Silent-film actor Raymond Griffith had a similar dilemma to Lina Lamont. He was one of the greatest comedians of the time, but sound ruined his career. Due to a childhood throat injury, he could only talk at a hoarse whisper. After his last and only talkie appearance in the 1930 film All Quiet on the Western Front, Griffith retreated from the spotlight. He continued to work behind the scenes as a production supervisor and associate producer for Twentieth Century Fox. While careers like Griffith’s were on the downswing, sound helped launch the careers of people like the Marx Brothers, Ethel Merman, and others endowed with verbal and singing talent (Faraci). In Singin’ in the Rain, Lina Lamont’s career ends where Kathy Selden’s (Debbie Reynolds) begins. Selden, with her wonderful voice and plentiful experience in the theater, agrees to voice Lamont’s character in ‘The Dueling Cavalier,’ now turned into a musical and renamed ‘The Dancing Cavalier.’ She gives an outstanding performance and saves the movie, which closes to thunderous applause after its premiere; a stark contrast to the preview audience’s response. Lamont embarrasses herself in front of the audience by giving her speech and revealing her true voice to them. Lockwood announces that Selden is the voice that they had heard that night, giving her full credit and ensuring the future of her career. The movie ends with Lockwood and Selden standing in front of a billboard. It reads ‘Singin’ in the Rain,’ featuring Lockwood and Selden as the leading actor and actress. Lockwood, an actor who makes a successful transition to the world of talkies; Selden, an actress whose career begins because of the addition of sound; and Lamont, an actress who shall forever be a silent film star, but nothing more.

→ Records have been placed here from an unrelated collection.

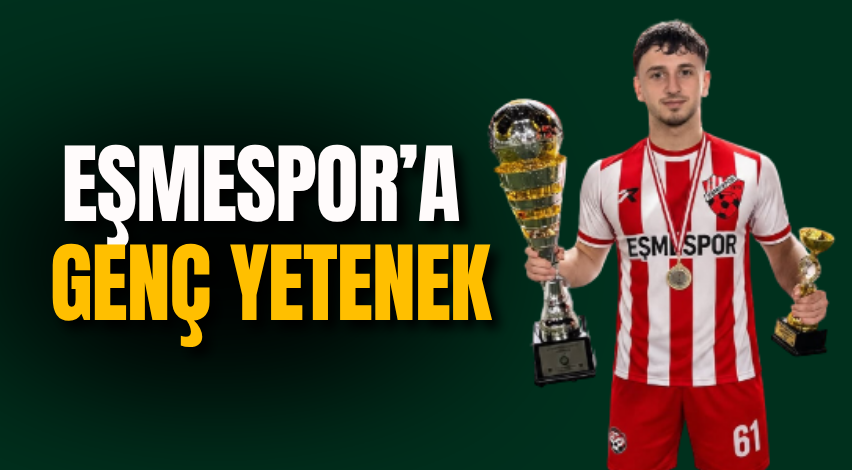 Eşmespor’a genç yetenek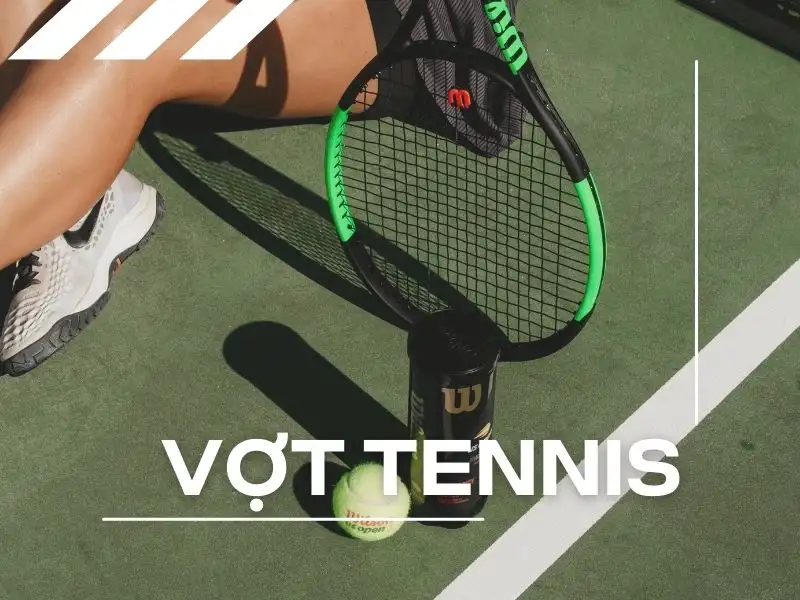 Vợt Tennis - Người Bạn Đồng Hành Không Thể Thiếu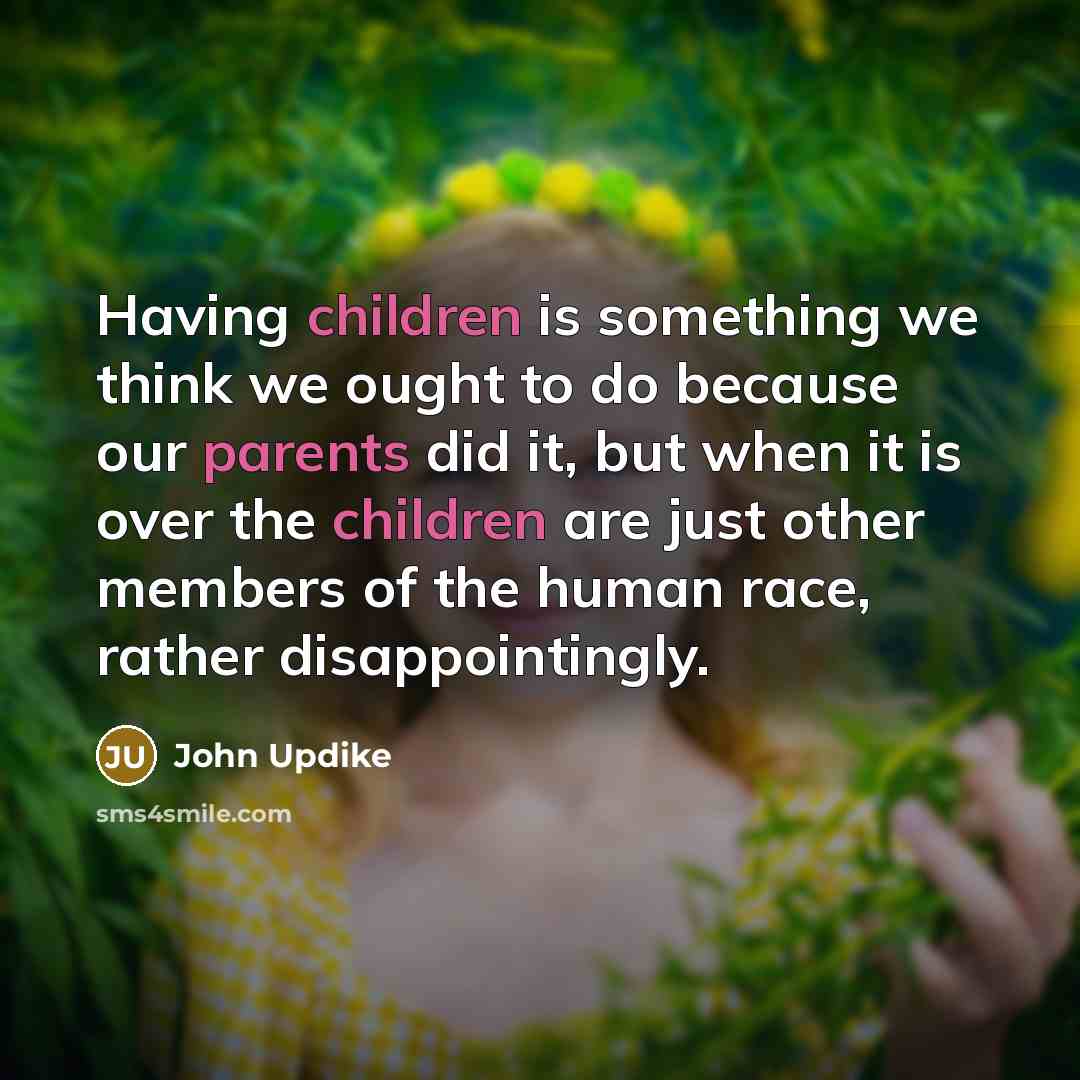 “Having children is something we think we ought to do because our parents did it, but when it is over the children are just other members of the human race, rather disappointingly.” quote by John Updike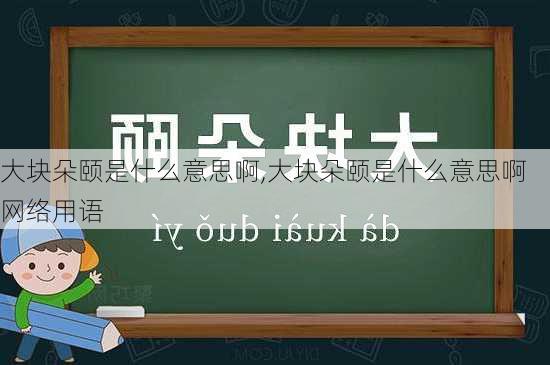 大块朵颐是什么意思啊,大块朵颐是什么意思啊网络用语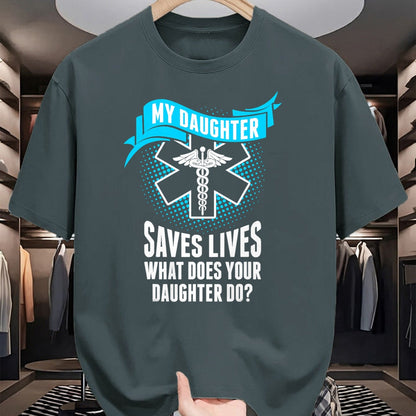 Funny Nurse Shirt, Nurse Unisex T-Shirt/Hoodie/Sweatshirt HLT00 - My Daughter Saves Lives Your Daughter Do Nurse TShirt
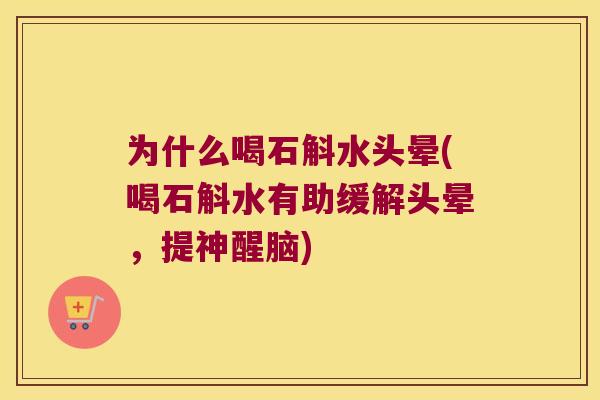 为什么喝石斛水头晕(喝石斛水有助缓解头晕，提神醒脑)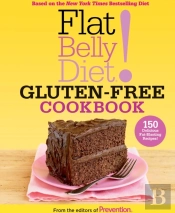 Flat Belly Diet! Gluten-Free Cookbook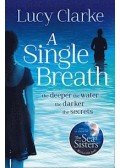 CLARKE, LUCY - A Single Breath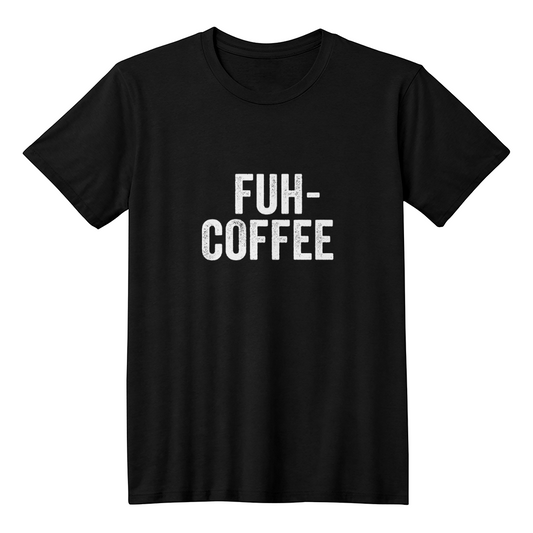FUH-COFFEE - T-Shirt - Black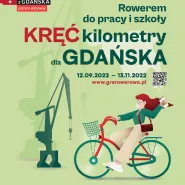 Kręć kilometry dla Gdańska - Rowerem do pracy i szkoły 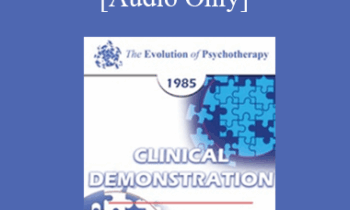 [Audio] EP85 Clinical Presentation 03 - A Case of Social Anxiety - Joseph Wolpe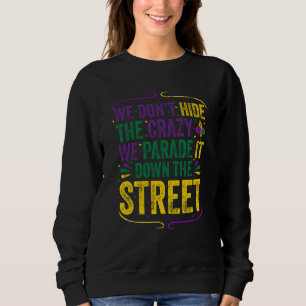 Sweatshirt Nous ne cachons pas la folie, nous la défilons dan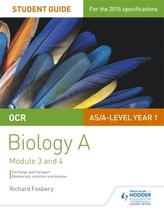 OCR AS/A Level Year 1 Biology A Student Guide: Module 3 and 4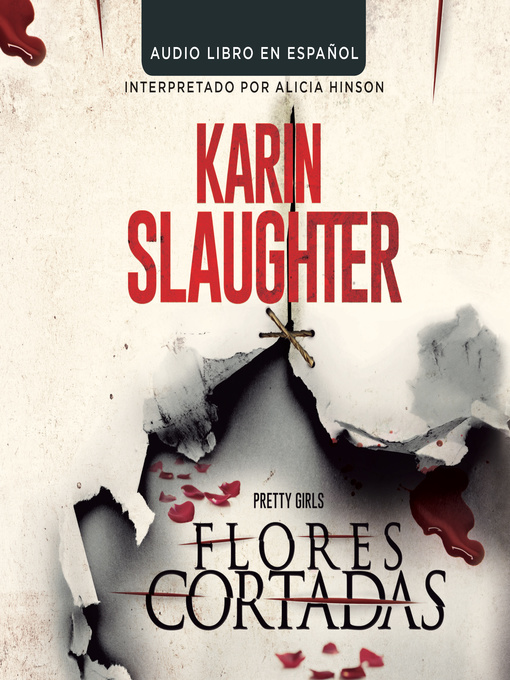 Title details for Flores Cortadas by Karin Slaughter - Available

Singin’ in the Rain tells the story of Hollywood’s transition from silence to sound using the most sound-reliant artform: music. One of the last great Hollywood musicals, Singin’ in the Rain is a classic. While it may romanticize the transition, it details many of the problems that the film industry experienced during this tumultuous time period: the money lost in converting everything to sound and the money gained in creating a new type of film, the technical troubles with recording sound using rudimentary microphones, and the artistic dilemmas over directing actors, writing poor dialogue, and casting for voice as well as acting ability. Sound shook Hollywood to its core, but as Singin’ in the Rain shows, it was for the better. It elevated the motion picture to another level. It enhances the story and speaks to the emotions of the viewer. Without it, who knows where movies would be today.